╭──

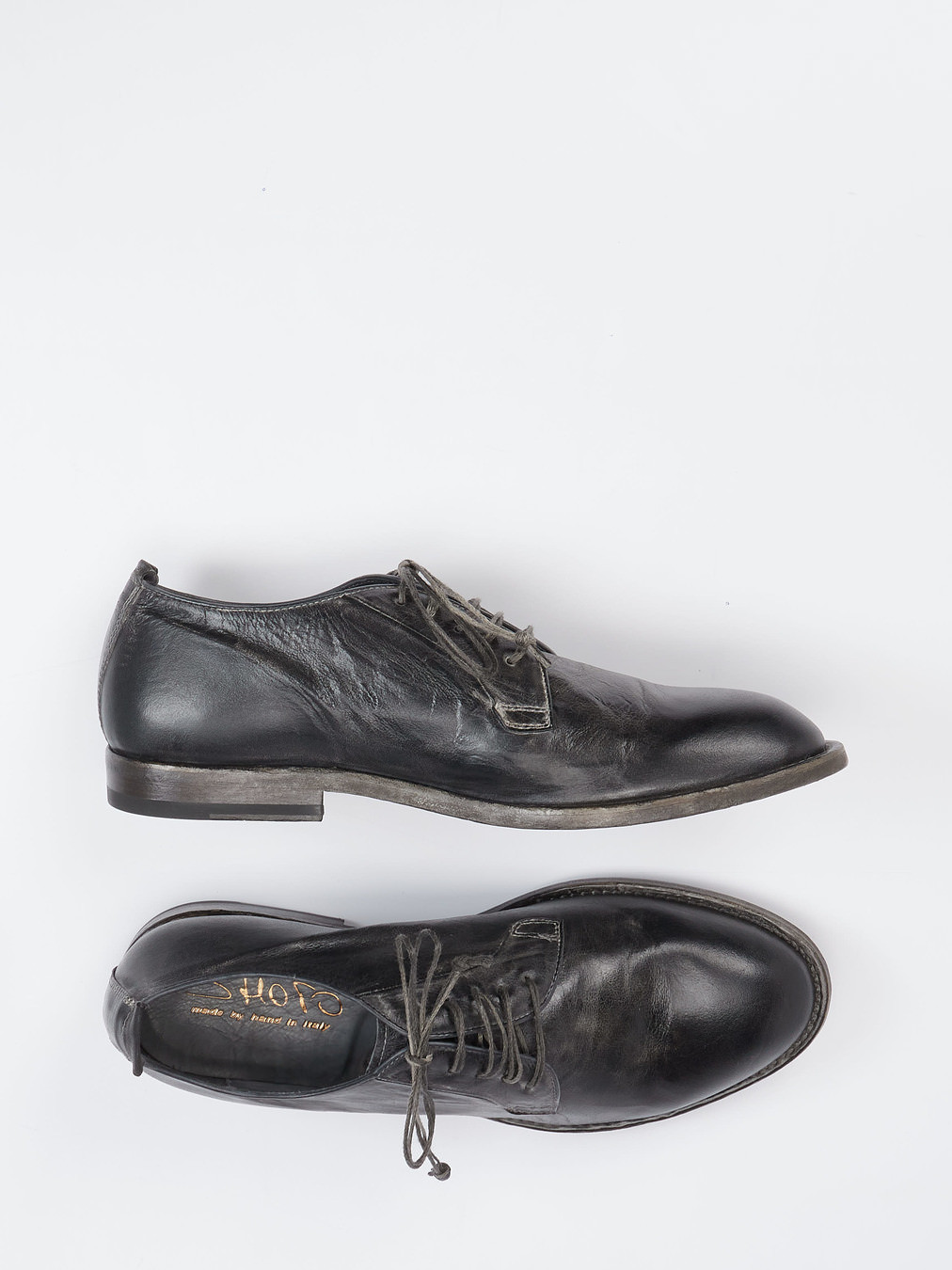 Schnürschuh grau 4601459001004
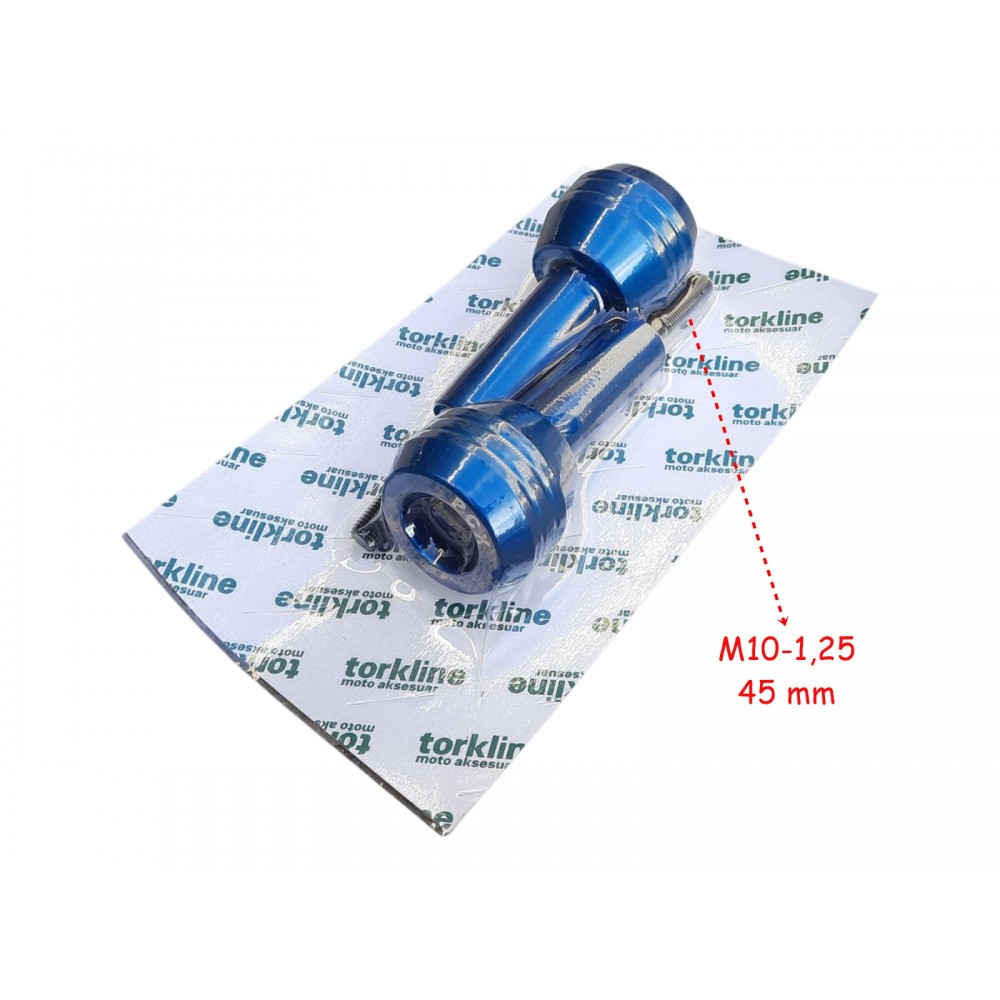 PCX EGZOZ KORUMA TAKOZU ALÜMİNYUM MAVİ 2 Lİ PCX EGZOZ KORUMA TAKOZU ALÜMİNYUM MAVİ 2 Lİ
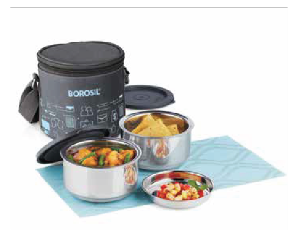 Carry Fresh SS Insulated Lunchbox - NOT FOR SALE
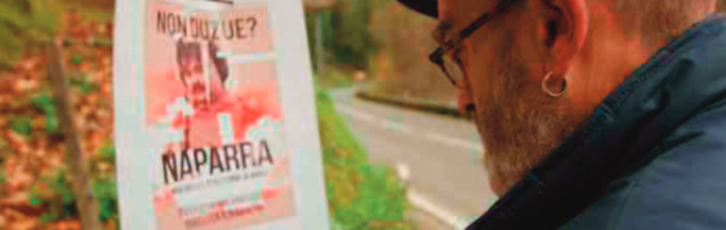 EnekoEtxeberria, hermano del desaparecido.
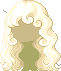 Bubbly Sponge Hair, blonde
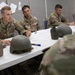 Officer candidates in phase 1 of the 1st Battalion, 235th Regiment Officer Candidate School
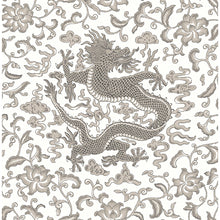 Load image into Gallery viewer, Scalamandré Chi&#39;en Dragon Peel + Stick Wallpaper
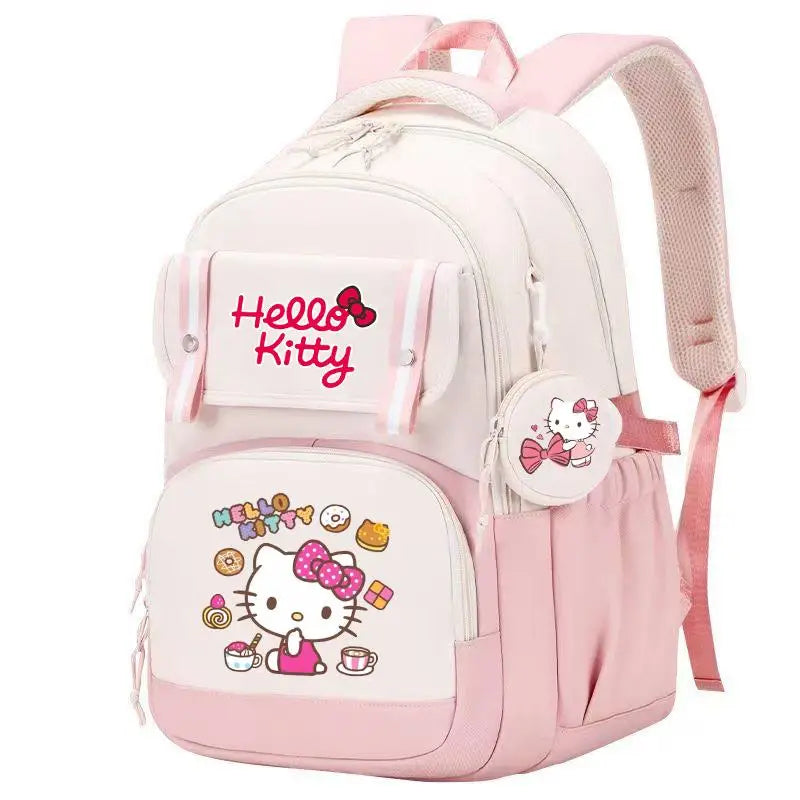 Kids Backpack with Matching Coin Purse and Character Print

╰──

WHAT THE EXERCISE ASKS
Only the words belong in your copy: restate the data above exactly and leave the images out.

RESULT BELOW
 Schnürschuh grau 4601459001004
 PCX EGZOZ KORUMA TAKOZU ALÜMİNYUM MAVİ 2 Lİ PCX EGZOZ KORUMA TAKOZU ALÜMİNYUM MAVİ 2 Lİ
 Carry Fresh SS Insulated Lunchbox - NOT FOR SALE
 EnekoEtxeberria, hermano del desaparecido.
 Bubbly Sponge Hair, blonde
 Officer candidates in phase 1 of the 1st Battalion, 235th Regiment Officer Candidate School
 Load image into Gallery viewer, Scalamandré Chi&#39;en Dragon Peel + Stick Wallpaper
 Kids Backpack with Matching Coin Purse and Character Print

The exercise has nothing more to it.